Luxury Brands Seen Facing Continued Scrutiny for Supply Chain Scandals


MILAN — Over the past two years supply chain scandals have rocked the luxury fashion industry in Italy, shaking both its reputation and business practices.

Investigations by a Milan court that uncovered ties of luxury brands such as Loro Piana, Valentino, Dior and Giorgio Armani, among others, to subcontractors involved in sweatshop schemes have raised concerns about the industry’s ability to manage its supply chains effectively.

Overall, prosecutors identified the brands’ negligence in properly auditing their supply chain partners. As a result, all the above brands have been put under judicial administration to correct and enhance audits and oversight through court-mandated procedures, with Loro Piana’s and Valentino’s probes fully resolved and the judicial oversight lifted.

Subcontracting is a common practice in the fashion industry, offering flexibility, but it can result in weak oversight. Additionally, these incidents have shined a light on the gap that can exist between brands’ public commitments to ethical standards and the reality of their supply chain operations. To this end, the Italian Competition Authority, or AGCM, imposed sanctions of 3.5 million euros on Giorgio Armani for alleged misleading advertising linked to its sustainability claims.

In response, brands have begun strengthening their internal controls and compliance measures. Loro Piana has reaffirmed its commitment to improving its supply chain auditing, severing ties with suppliers found in violation of its agreements, as did Valentino, Giorgio Armani and Dior.

The issue of supply chain oversight is not limited to isolated incidents, observers claimed, saying that the existing audit systems, which are often checklist-based, need to be restructured to provide more focused, risk-based assessments of each supplier. This shift could help mitigate future risks by addressing specific vulnerabilities within different tiers of the supply chain.

As brands work to improve their compliance measures, they also face external pressure from policymakers. The European Union is to enforce several new directives aimed at increasing transparency in supply chains, such as the Corporate Sustainability Reporting Directive, the Corporate Sustainability Due Diligence Directive, as well as the EU Forced Labor Regulation. The latter, set to take effect in 2027, will ban within the EU the sale of goods made using forced labor, affecting all stages of the supply chain.

At the national level, Italy’s fashion industry associations and trade unions have urged the creation of a mandatory, nationwide protocol promoted by the Ministry of Enterprises and Made in Italy to standardize supply chain auditing practices. But legislation on the latter isn’t expected to progress in the short term.

Meanwhile, the Milan Prefecture has introduced a memorandum of understanding to tackle worker exploitation, undeclared work, tax evasion and unfair contractual practices in the fashion supply chain. The initiative — undersigned by Confindustria Moda, Confindustria Accessori Moda and Camera Nazionale della Moda Italiana, among other entities — is limited to the Lombardy region, but could lay the foundation for a countrywide system.

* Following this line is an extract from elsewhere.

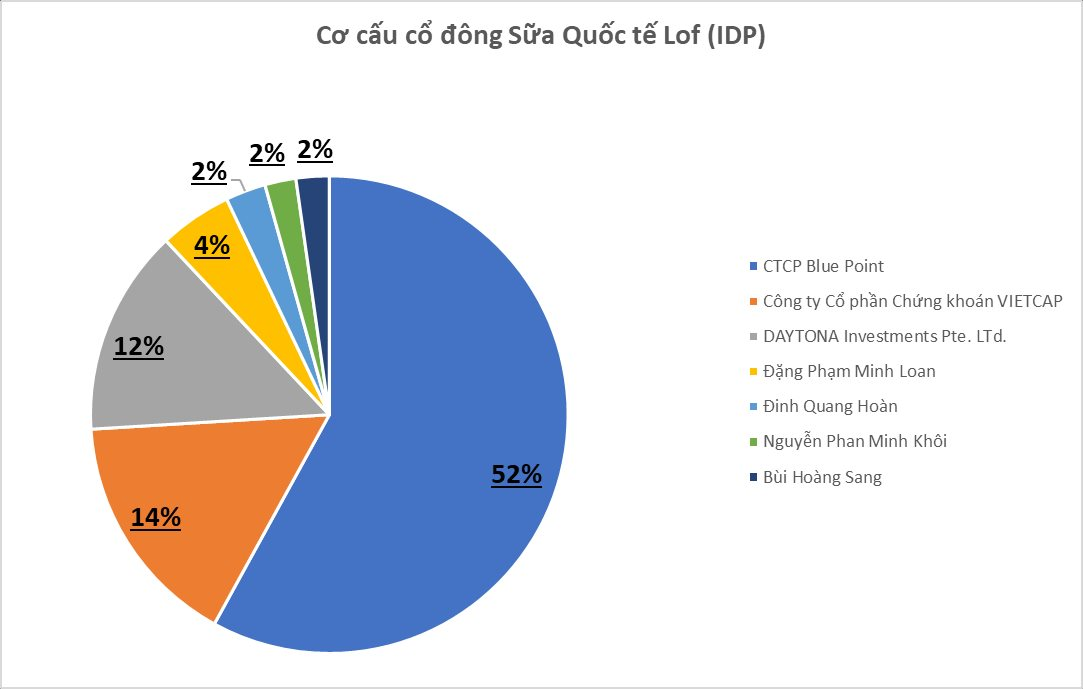 Một đại gia sữa chốt quyền chia cổ tức 25%, tiền về tài khoản ngay sát Tết- Ảnh 1.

The pressure on high-end fashion brands to maintain their aura of quality, exclusivity and ethics is mounting amid an already challenging luxury landscape, which is being impacted by a global spending downturn.

Observers say that fashion companies and luxury groups must continue to improve their compliance mechanisms to address labor exploitation and work-related risks effectively, forging collaboration with lawmakers, their suppliers and industry associations to ensure the survival and prestige of the Made in Italy supply chain.